For those of you who didn’t spend your vacations reading bookmarked, back-logged New York Times articles while listening to MSNBC, you may have missed Ralph Nader’s recent announcement on “Meet the Press.” It made my heart leap – he’s running for president. Again.
Then came the collective disgruntled sigh from the Democratic camp. Even Barack Obama, the apparent golden boy of this year’s election waltz had some less-than-Boy-Scout-like things to say about the notable consumer activist. The reason the left-leaners are all hot under the collar because of Nader harkens back to the 2000 election. Many Democrats still blame Nader for stealing liberal votes from Al Gore, ultimately costing him the election.
As a Green Party supporter, the 2000 election is a sore subject for me. You think your life is tough, Dems? The Greens were able to win a miniscule 2.74 percent of the vote, and that was heralded as a feat for the ages by experts. So, remind me again why I should have sympathy for a party with millions of dollars, unlimited media access and every resource needed to seal the deal. Gore didn’t even win his home state. As easy as it is to blame the underdog, the Democrats have no one to blame but themselves for their historic defeat.
I was ready to go to the mattresses to defend my man – and then came Thursday. On the 28th of last month Nader announced he does not plan to run on the Green Party ticket this time around, despite the fact that he would be virtually guaranteed the nomination from the party that has always been loyal to him. That was the news that crushed my 2008 election dreams. Nader and the GP would have been an ideal pairing. They would have mounted a stronger campaign than either standing alone.
I like Nader because he’s the political equivalent to giving the middle finger. He’s been criticized as having tunnel-vision, being egotistical, stubborn and an all-around a pain in the ass. That is, among other reasons, exactly why I love him. If Nader took the election, he would stomp into the Oval Office, bury his nose in work and not look up until he was dragged from office, re-election be damned. And I’m a big fan of the Green Party’s ten-point platform (check out www.gp.org). This would have been the perfect pairing between the man who strives for change and a party with a fresh vision of what that change should be.
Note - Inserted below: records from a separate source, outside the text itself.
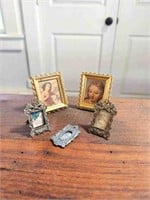 5 Piece Antique Miniature Portraits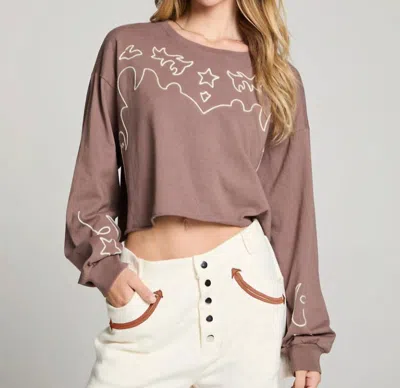 Chaser Western Embroidery Long Sleeve Sweatshirt In Deep Taupe In Brown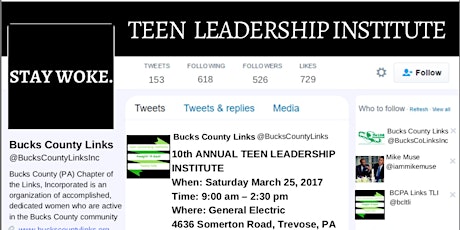 2017 Teen Leadership Institute: #STAYWOKE primary image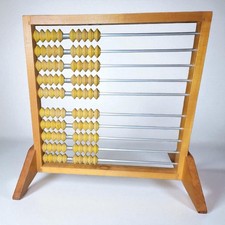 VTG Creative Playthings 10 Row 100 Bead Natural Wooden Large School Abacus 18"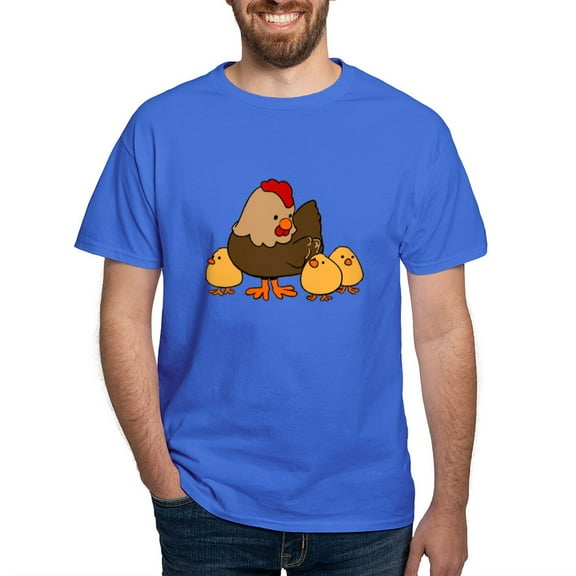 CafePress - Chicken With Baby Chicks T Shirt - Men's Classic Graphic Cotton T-Shirt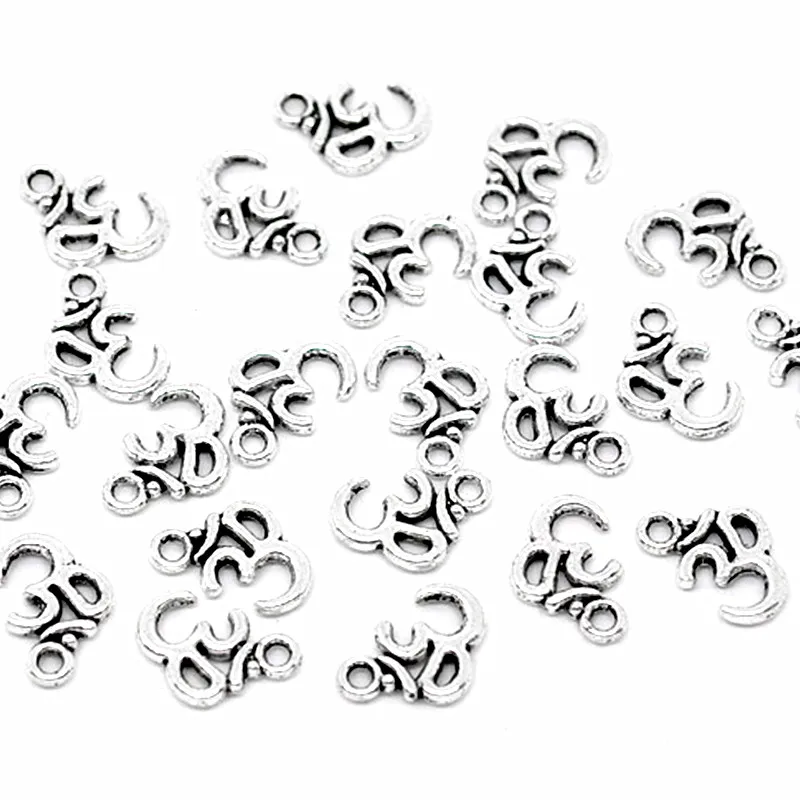 

100Pcs Silver Tone 3D Ohm Pendants Jewelry Diy Making Findings Component Charms 16x11mm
Going it alone is a bad choice for Nader. Third parties and independent candidates already have it tough enough. They get very little street cred. The major parties argue that filling out some forms, getting some signature and throwing together a ticket does not make you a legitimate party. That’s pretty condescending – exactly the type of big-headed sense of entitlement that makes Democrats claim that Nader “stole” their votes in the last election. That lack of respect works to prevent voters from seriously considering alternative party platforms. The common sentiment is that third parties are a waste of attention and votes.
That prejudice is unfortunate because it’s exactly what hinders true change. Lots of people during elections sit around and whine about how they don’t like their choices. Then they wait for November and check a box for whomever they dislike the least. One of the biggest problems with the American political system today is the domineering of the two major parties. I’m sick of choosing between two parties and two candidates that will begin to sound more and more similar as Nov. 4 approaches. In a country as diverse as America there is no way every voice can be represented by just two platforms, especially when it has taken so long for one of them to nominate a minority candidate for president.
People tell me voting Green makes me a romantic idealist, and that I’m throwing my vote away. But I’ll continue to vote on principle because I believe that it’s the only way change can begin and because I believe eventually America will join in my frustration and realize the need for more players in the political game. I still believe a vote for third parties is a vote for choice.
In the face of all the challenges third parties already face, if anyone has a right to be pissed about Nader splitting from the Greens, it should be people like me – who actually believe in an independent challenge to the monotony of the two-party system. Nader’s 2.74 percent is closest thing we’ve had to a serious third-party challenge as long as I’ve been old enough to follow politics – and I’d hardly call that anything close to a serious threat.
It’s true that independent candidates like Ross Perot have had more successful campaigns as recently as 1992. But that 2.74 percent represents the most successful campaign by a third party in recent years. Nader’s distancing himself from the Greens is another setback for the little-party-that-could, which is already having enough problems huffing and puffing up the hill.
And this added division has crushed my election dreams.